Oman


Row over fee hike in Seeb school



Muscat: A raging controversy over Indian School Seeb hiking school fees citing salary revision of the teachers has put the school management and guardians on a collision course.
While the school management committee justifies its new fee structure  a hike of RO5 a section of guardians are mulling legal proceedings against the school and the management committee arguing that the decision is against the provisions of the by-laws of Indian schools in the Sultanate of Oman as approved by the Ministry of Education in Oman.

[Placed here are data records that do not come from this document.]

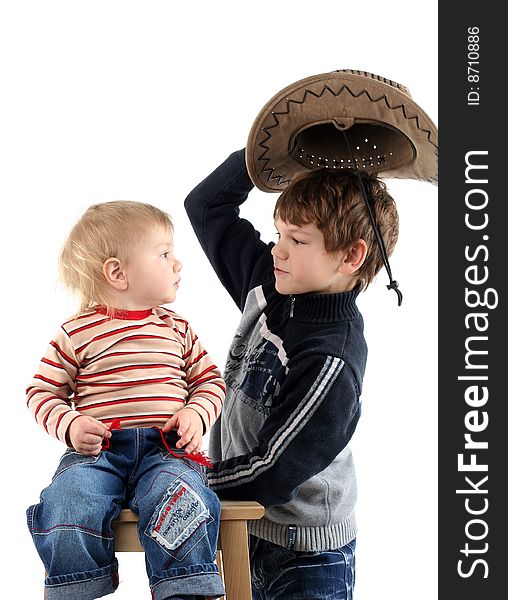 Two little boys (brothers) isolated on white background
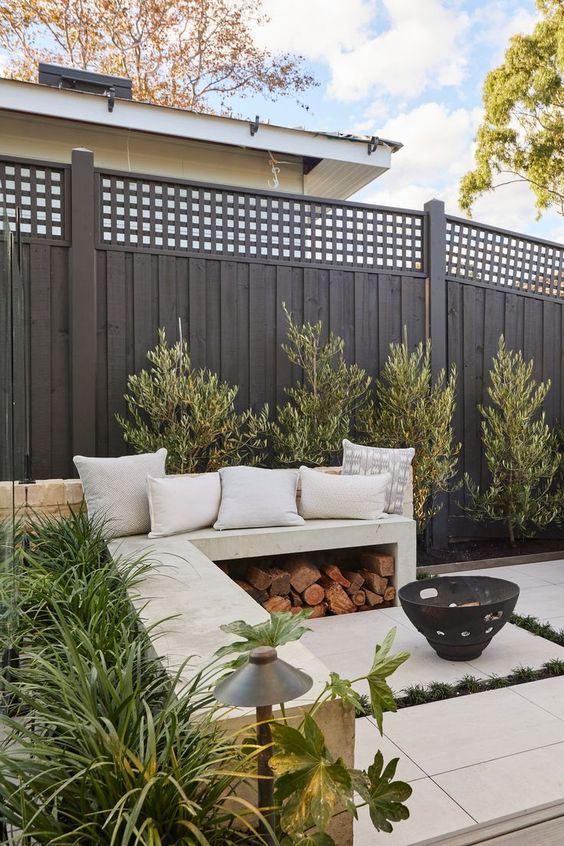 a black fence, a concrete built-in bench with firewood storage, greenery around and a small fire pit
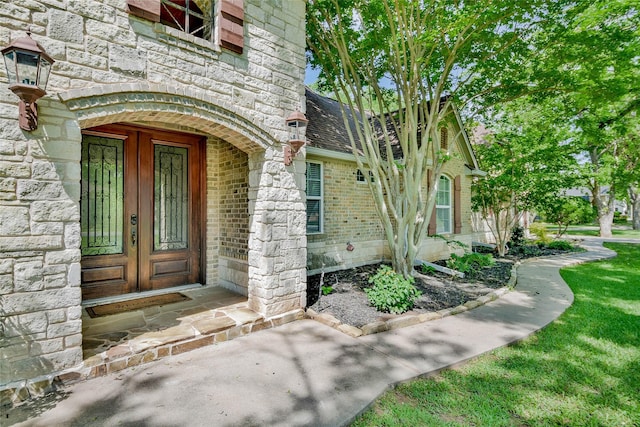 view of exterior entry featuring stone siding and brick siding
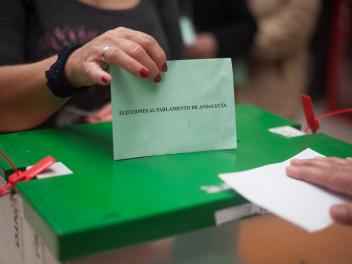 Urna de las elecciones al Parlamento de Andalucía con una mano votando.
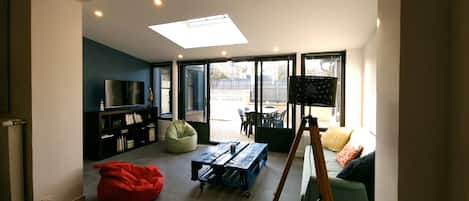A modern living room with a flat-screen TV, a bean bag, a wooden table, and a tripod.
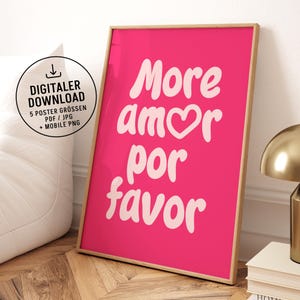 Könnte beinhalten: Gerahmtes pinkfarbenes Poster mit den Worten "More amor por favor" in weißer Schrift. Das Poster enthält auch ein digitales Download-Symbol und Text. Der Rahmen ist hellholzfarben.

"This is totally unacceptable to us as the majority of the parents belong to the lower middle class who would find it difficult to bear the additional burden. Moreover, it is contrary to the practices and conventions in Oman and therefore needs to be questioned and challenged," said Rajan Ramachandran Kavi, who served a legal notice (a copy of which is available with Times of Oman) to Indian School Seeb management committee and to the Principal on October 13, following a circular by school management committee on September 8, 2012. His two children study in Indian School Seeb.

Another parent, Venu V, said that the timing of the circular was the main issue. "Parents must be aware of any changes in the fee schedule and other charges before the start of the school year. This would have given much desired flexibility to parents in deciding whether their children would continue to pursue their studies at the Indian School Seeb or elsewhere," he said.
He added that a large number of parents have three to four children studying in school. "For them, it will be very difficult to pay," he said.

A section of parents also demanded that the hike in school fee with effect from the third quarter of the academic year be withdrawn and scrapped with immediate effect. "If it is not withdrawn we will be forced to take legal proceedings," said another parent, Mouidu A K, whose two children study in Indian School Seeb.

When contacted, George Mathew, president of the Management Committee of Seeb School, refused to comment on the issue. "I am not the right person to talk on this issue," he said.
In the circular, Mathew has justified the hike saying there had not been any hike in school fees for the past one year, while the number of teachers as well as their salaries had gone up. Also, the school was being given a new look with office upgradation, planting of trees and the introduction of a smart board in Grade XI science.

"So we have decided to have a fee hike of RO5 per month for smooth running of the school and to provide quality education to the students," he had said, in a written circular to the parents.